Indeed it is, as evidenced by new reports that Libra is hiring James Emmett, formerly of HSBC Bank, to serve as managing director of Libra Networks LLC.
“The Libra Association, of which Facebook is a member, is an independent membership organization based in Geneva created to govern the Libra stablecoin network,” writes Marie Huillet at Cointelegraph. “Libra Networks is responsible for developing and operating the cryptocurrency payments system, and was originally established as a Facebook subsidiary in May 2019. Ownership of the firm was later transferred to the Libra Association in October of that year.”
After 25 years at the bank that’s become famous for anti-money laundering investigations into its operations, Emmett will join an arm of the Libra Association which still wants to build a international stablecoin despite considerable pushback from regulators in important nations.
On its website, Libra is still claiming that it’s going to eventually provide opportunities to an estimated 1.7 billion people who are unbanked around the world.

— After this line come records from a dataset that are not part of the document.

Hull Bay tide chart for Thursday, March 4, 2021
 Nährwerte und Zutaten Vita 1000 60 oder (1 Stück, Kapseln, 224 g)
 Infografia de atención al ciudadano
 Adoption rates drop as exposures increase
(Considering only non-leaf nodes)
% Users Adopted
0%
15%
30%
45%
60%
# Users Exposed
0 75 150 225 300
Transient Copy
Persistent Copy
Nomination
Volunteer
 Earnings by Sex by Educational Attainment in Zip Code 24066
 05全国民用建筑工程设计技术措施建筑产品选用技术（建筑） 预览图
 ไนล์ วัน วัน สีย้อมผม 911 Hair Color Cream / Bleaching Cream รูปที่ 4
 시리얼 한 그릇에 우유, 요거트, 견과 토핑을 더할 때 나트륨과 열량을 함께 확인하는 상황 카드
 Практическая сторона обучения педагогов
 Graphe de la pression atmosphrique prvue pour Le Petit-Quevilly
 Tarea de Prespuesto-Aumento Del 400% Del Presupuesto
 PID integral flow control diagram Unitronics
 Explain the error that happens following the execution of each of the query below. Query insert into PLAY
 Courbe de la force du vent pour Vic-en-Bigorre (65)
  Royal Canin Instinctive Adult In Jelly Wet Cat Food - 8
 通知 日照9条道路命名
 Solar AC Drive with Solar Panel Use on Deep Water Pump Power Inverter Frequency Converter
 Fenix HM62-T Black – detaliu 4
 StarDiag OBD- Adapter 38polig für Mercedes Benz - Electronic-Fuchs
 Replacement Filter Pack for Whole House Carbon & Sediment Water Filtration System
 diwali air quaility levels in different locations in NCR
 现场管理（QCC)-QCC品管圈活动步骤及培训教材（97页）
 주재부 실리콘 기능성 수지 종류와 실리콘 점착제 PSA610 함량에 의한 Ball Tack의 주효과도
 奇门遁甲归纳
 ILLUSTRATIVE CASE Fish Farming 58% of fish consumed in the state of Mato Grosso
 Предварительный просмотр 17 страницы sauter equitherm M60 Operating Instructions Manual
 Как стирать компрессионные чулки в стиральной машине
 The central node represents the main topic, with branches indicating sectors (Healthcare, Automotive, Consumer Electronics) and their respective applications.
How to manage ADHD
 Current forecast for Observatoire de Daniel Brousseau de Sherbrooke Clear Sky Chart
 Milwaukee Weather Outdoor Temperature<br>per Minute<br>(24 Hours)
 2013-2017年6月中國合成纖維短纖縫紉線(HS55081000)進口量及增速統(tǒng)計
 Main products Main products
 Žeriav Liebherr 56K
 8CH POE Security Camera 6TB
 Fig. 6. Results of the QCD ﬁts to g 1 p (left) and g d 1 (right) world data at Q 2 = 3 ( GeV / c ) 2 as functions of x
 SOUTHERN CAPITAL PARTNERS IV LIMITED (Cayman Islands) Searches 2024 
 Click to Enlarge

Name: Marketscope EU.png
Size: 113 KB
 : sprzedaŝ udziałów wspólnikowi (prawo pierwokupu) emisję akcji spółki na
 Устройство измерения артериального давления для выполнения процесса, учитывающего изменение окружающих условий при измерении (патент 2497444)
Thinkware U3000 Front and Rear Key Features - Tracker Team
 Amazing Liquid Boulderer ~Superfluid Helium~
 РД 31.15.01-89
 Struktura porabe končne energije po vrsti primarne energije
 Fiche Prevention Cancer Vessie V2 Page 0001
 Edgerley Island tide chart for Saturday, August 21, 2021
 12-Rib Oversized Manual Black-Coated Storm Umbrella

Citing the slowness and cost of existing international payment transactions, Libra continues to push its global utility, despite a hard pass from both US and European legislators in the past few years.
“Provide people everywhere access to safe and affordable financial services,” reads Libra’s new white paper online. “So people everywhere can live better lives … Moving money around the world should be as easy and cheap as sending a message. No matter where you live, what you do, or how much you earn.”
If anything, Libra seems to have mainly served as a warning to national leaders about what could happen if a global stablecoin eclipses the fiat currencies now used to run national economies. We’re seeing countries slowly warm up to CBDCs, mostly as a deterrent to free reign by some kind of impending global digital coin.
So while Libra remains optimistic, many traders aren’t so sure. For investors, it might make more sense to consider being secondary markets, or smaller players who aren’t so much in the crosshairs of decision-makers around the world.